Disk arrays are commonly designed to ensure that stored data will always be able to withstand a disk failure, but meeting this goal comes at a significant cost in performance. We show that this is unnecessary. By trading away a fraction of the enormous reliability provided by disk arrays, it is possible to achieve performance that is almost as good as a non-parity-protected set of disks. In particular, our AFRAID design eliminates the small-update penalty that plagues traditional RAID 5 disk arrays. It does this by applying the data update immediately, but delaying the parity update to the next quiet period between bursts of client activity. That is, AFRAID makes sure that the array is frequently redundant, even if it isn't always so. By regulating the parity update policy, AFRAID allows a smooth trade-off between performance and availability.
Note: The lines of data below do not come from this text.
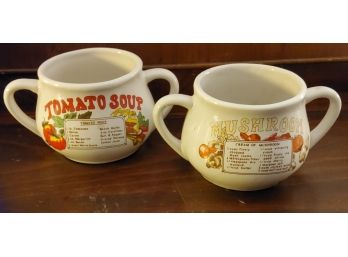 Set Of 2 Vintage Soup Recipe Bowl Mugs With Handles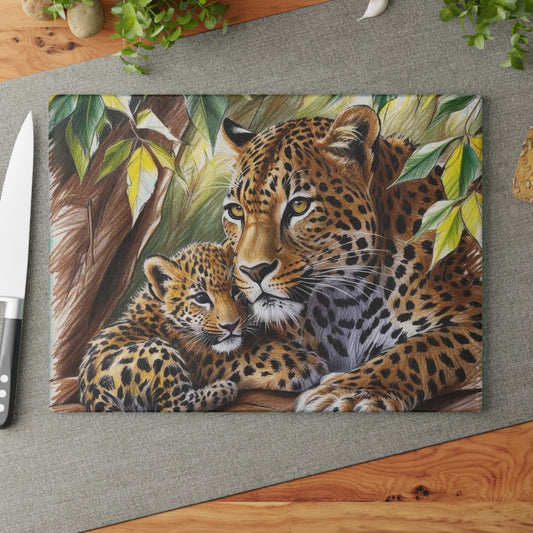 🐆🌿 Leopard Pair in the Forest Cutting Board – Wild Elegance Meets Cozy Charm 🌸🌳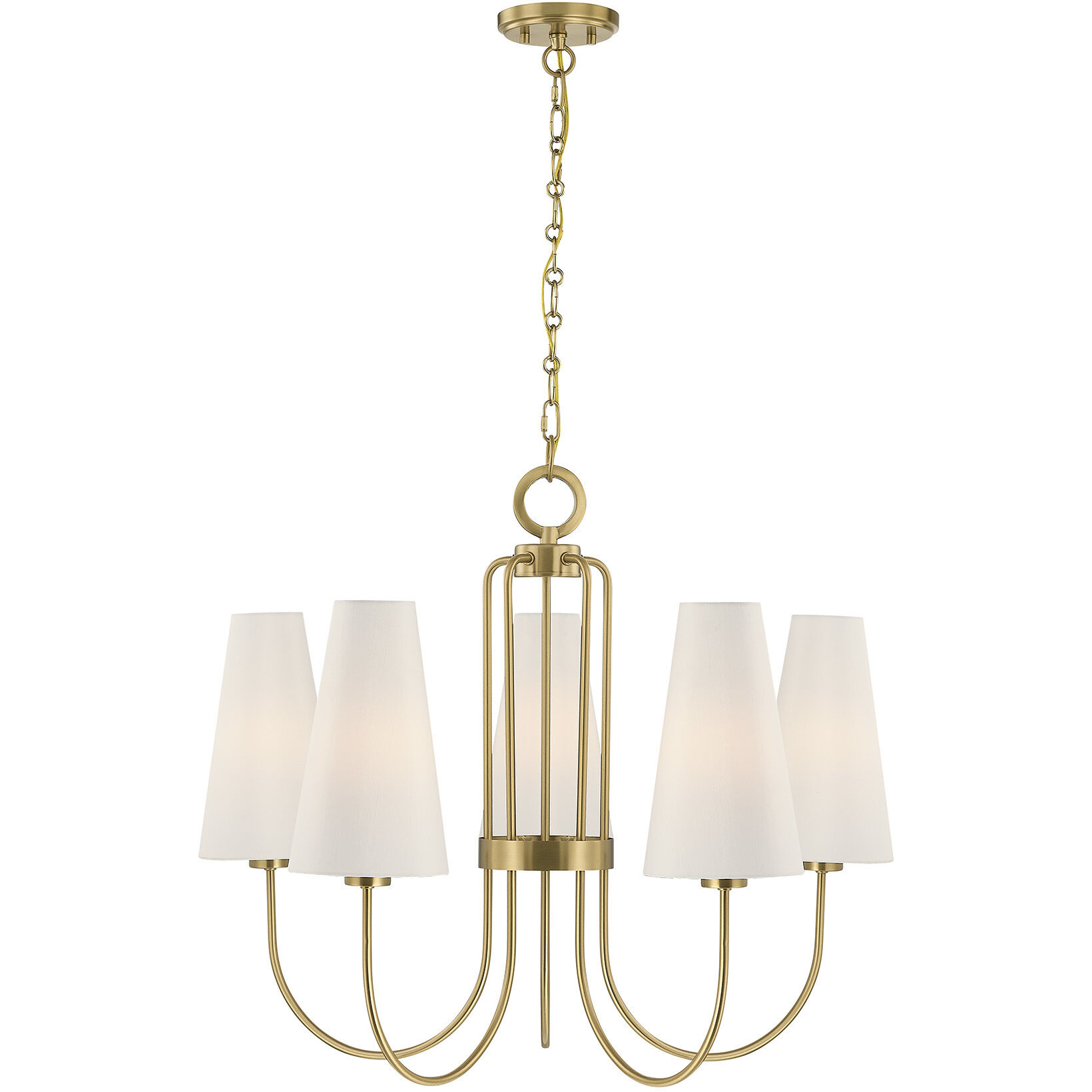 Wilkes 5 Light 30 inch Warm Brass Chandelier Ceiling Light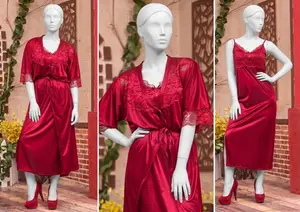 Women's Luxury Satin Robe & Nighty Set | 2 Piece Silk Sleepwear with Lace | Free Size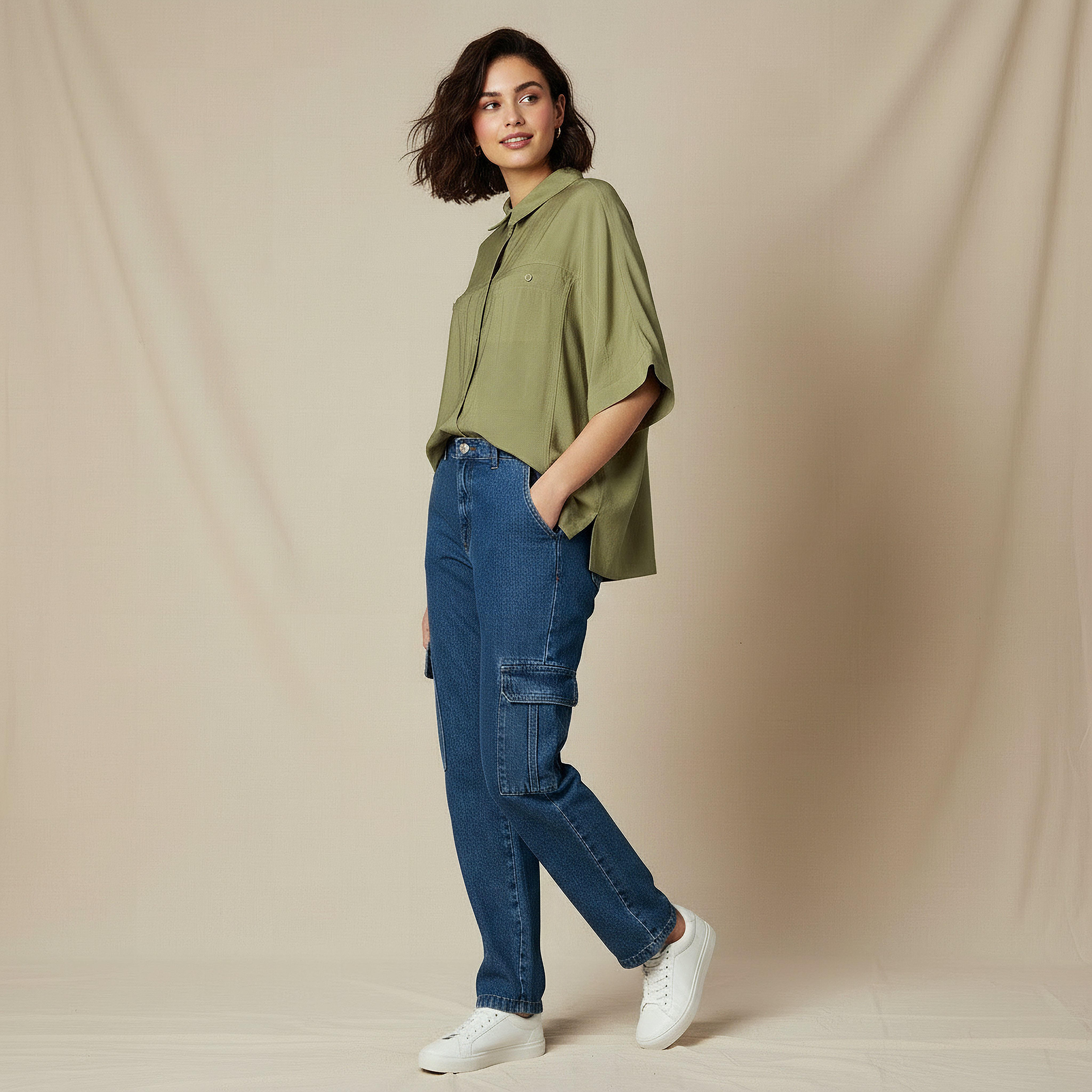 Relaxed Fit Linen Blend Shirt with Dropped Sleeves-women-clothing-shirtsandblouses-shirts-image-3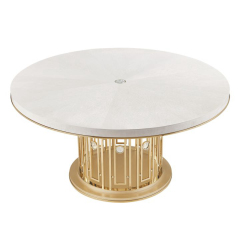 Circular Dining Table with Metal Accents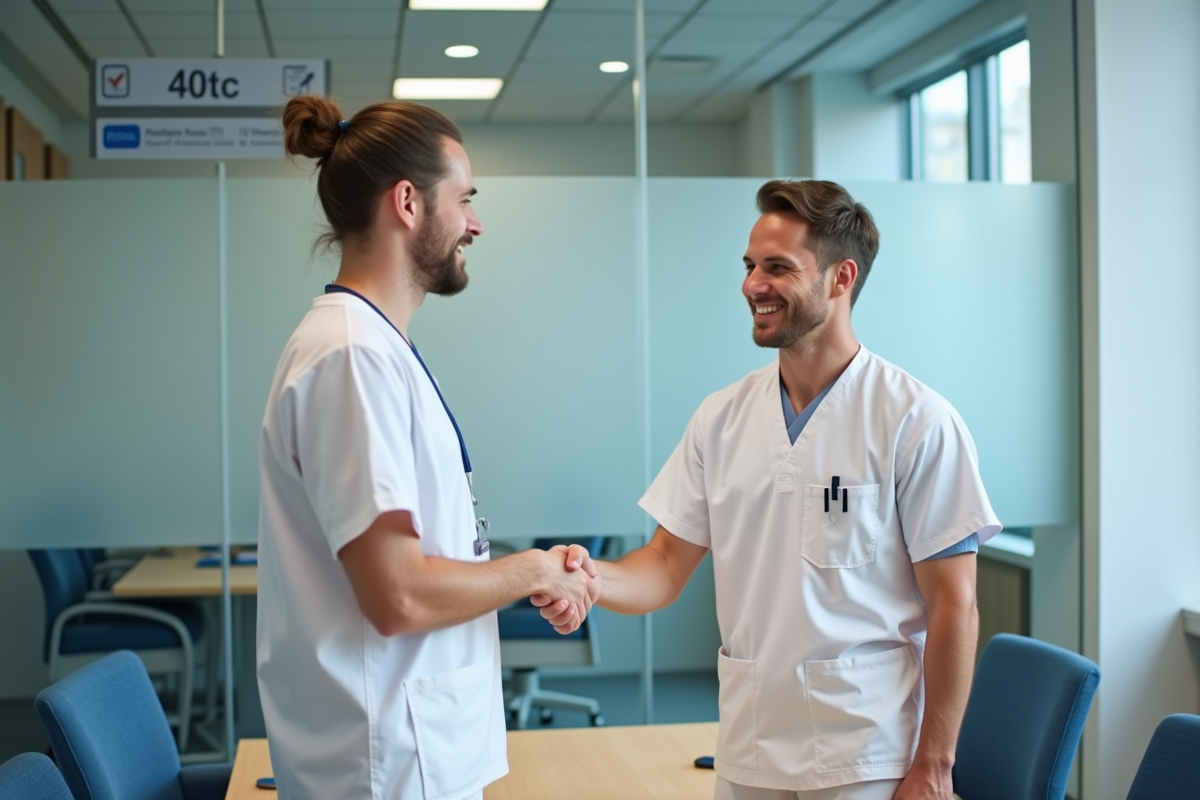 Homme souriant serrant la main d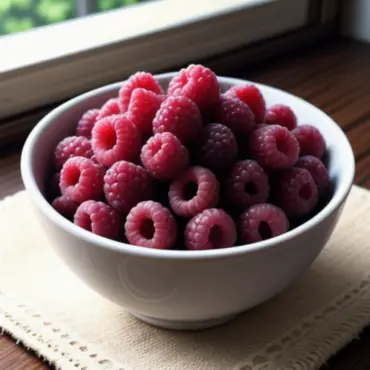 Bowl of Fresh Raspberries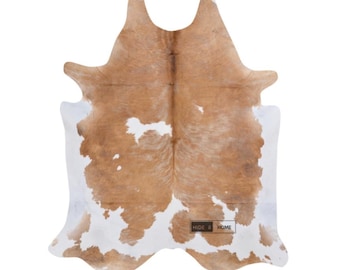 ダークブラウン＆ホワイト牛革ラグ：本毛皮レザー（59x64インチ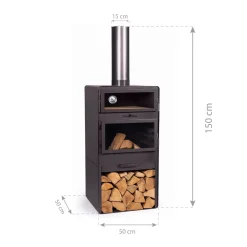 CookKing Terrassenofen Vento Plus inkl. Pizzaofen 50x50x150cm Schwarz
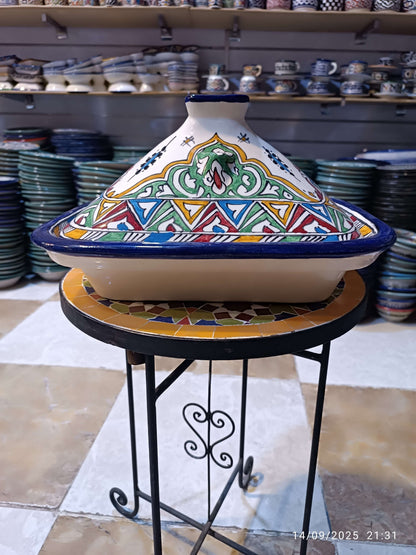 Square Tagine – Multicolor Moroccan Ceramic Cooking Pot – 24x29 cm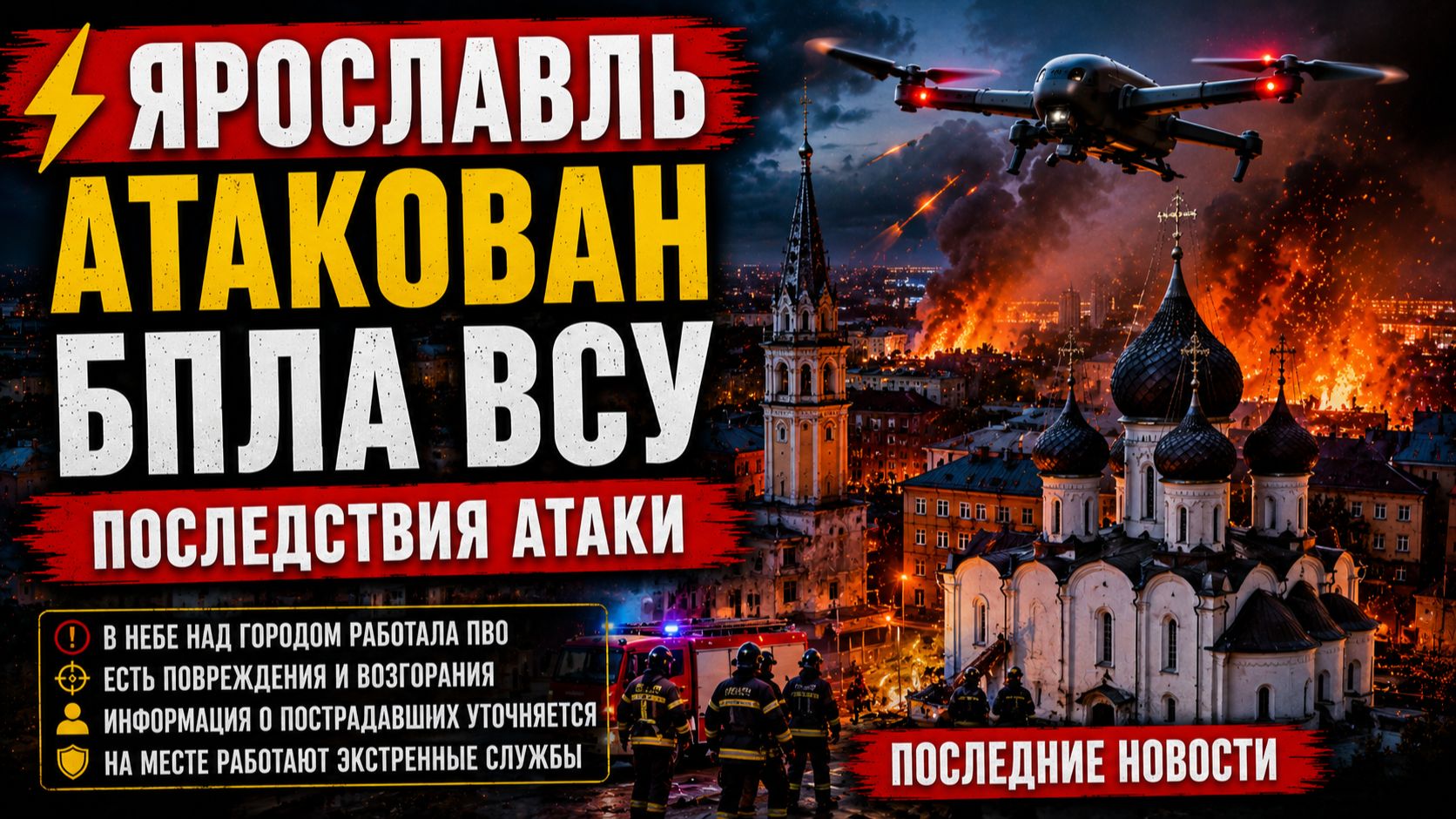 ⚡️💥ЯРОСЛАВЛЬ АТАКОВАН БПЛА ВСУ. ПОСЛЕДСТВИЯ АТАКИ-ПОСЛЕДНИЕ НОВОСТИ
Under real-life workloads, the AFRAID design can provide close to the full performance of an array of unprotected disks, and data availability comparable to a traditional RAID 5. Our results show that AFRAID offers 42% better performance for only 10% less availability, 97% better for 23% less, and as much as a factor of 4.1 times better performance for giving up less than half RAID 5's availability. We explore here the detailed availability and performance implications of the AFRAID approach.

[1]  Frederick W. Clegg,et al.  The hp-ux operating system on hp precision architecture computers , 1966 .

[2]  R. S. Fabry,et al.  A fast file system for UNIX , 1984, TOCS.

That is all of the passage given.